Em 1996, por ocasião do I Encontro de Grupos de Apoio à Adoção em Rio Claro – SP o dia 25 de maio foi eleito como o Dia Nacional da Adoção. Em 2002 o projeto de lei 10.447- 09/05/2002 foi sancionado pelo então presidente Fernando Henrique Cardoso.
Todo filho precisa ser gerado no coração, seja biológico ou adotivo; em outras palavras, todo filho precisa ser adotado. A adoção é um dos meios de se gerar. A Constituição Federal, nossa Carta Magna garante a toda criança e adolescente o direito a convivência familiar e comunitária. Toda criança tem direito a viver em família e este direito deve ser tratado com prioridade.
Hoje o tema da adoção é tratado com mais abertura e liberdade, contudo há muito que desmitificar. Ainda existe um preconceito social (velado ou não) a respeito da adoção, vista por muitos como um “Plano B”, um caminho difícil de dar certo, ato praticado por “pessoas nobres”. Pensamentos assim denotam a necessidade de refletirmos e discutirmos constantemente a parentalidade, inclusive a adotiva. O que faz de nós pais de verdade? Quais são nossas motivações ao desejarmos um filho? Nossos ideais podem se adaptar ao real que nos espera na próxima esquina da vida? Filho tem que ter a mesma cor de pele? E se for gerado em mim, que certeza tenho eu de que nascerá com saúde? Quando nos dispomos a ser pais (biológicos ou adotivos) estamos nos enveredando por deliciosos caminhos desconhecidos e plenos de desafios e perplexidades. Veredas que nos expandem, realizam, mas também nos desafiam, confrontam e nos transformam.

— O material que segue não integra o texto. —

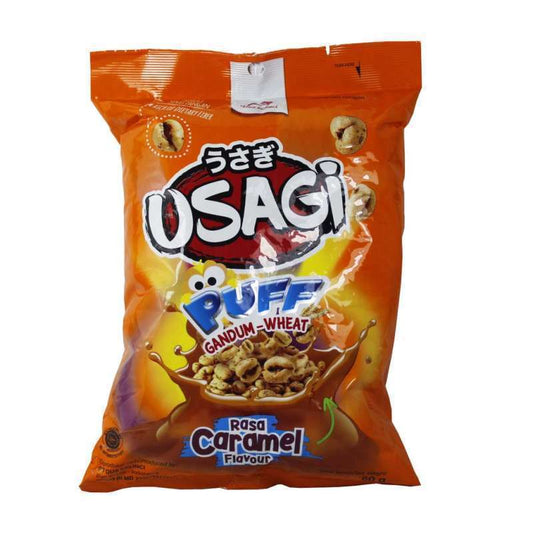 Pekanbaru Dua Kelinci Usagi Puff Caramel 60Gr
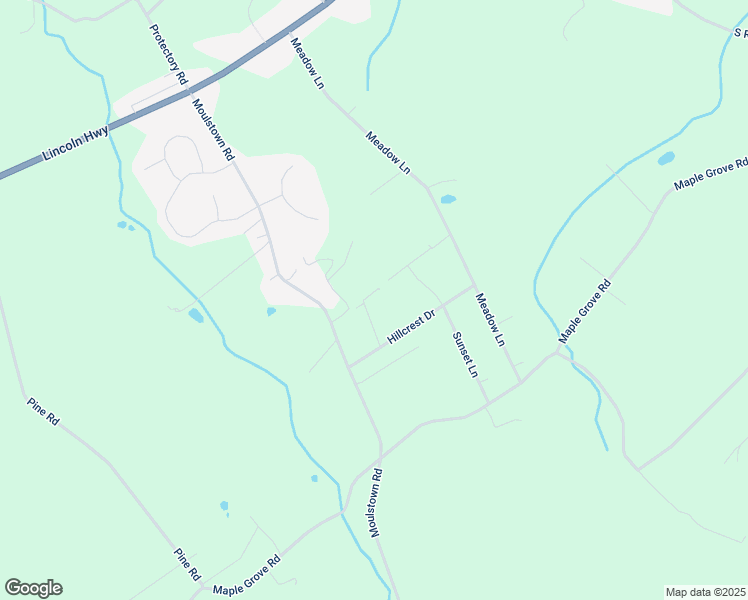 map of restaurants, bars, coffee shops, grocery stores, and more near 153 Meadowbrook Lane in Abbottstown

Segundo a pesquisa Encontros e Desencontros da Adoção no Brasil, feita pelo Departamento de Pesquisas Judiciárias (DPJ) do Conselho Nacional de Justiça, a idade avançada da criança é o maior empecilho para que seja adotada, superando variáveis significativas como doenças e cor da pele. Dados atualizados do Cadastro Nacional de Adoção (CNA) de maio de 2013 registram 29.440 pretendentes a adoção no país. Desse total, 21.998 declararam aceitar crianças entre 0 a 5 anos, o que corresponde a 75%. “A grande maioria dos pretendentes à adoção deseja adotar uma criança com idade entre zero e cinco anos. O problema é que esta faixa etária corresponde a apenas 9% das crianças aptas à adoção.” Já observamos significativa mudança no perfil dos pretendentes, que a pouco tempo preferiam crianças com no máximo 3 anos de idade. Esta ampliação do perfil da criança desejada, demonstrando menos exigências dos postulantes à adoção quanto a idade, cor, situação de saúde e aceitando em alguns casos grupos de irmãos, segundo o Conselho Nacional de Justiça deve-se principalmente á atuação dos Grupos de Apoio à Adoção.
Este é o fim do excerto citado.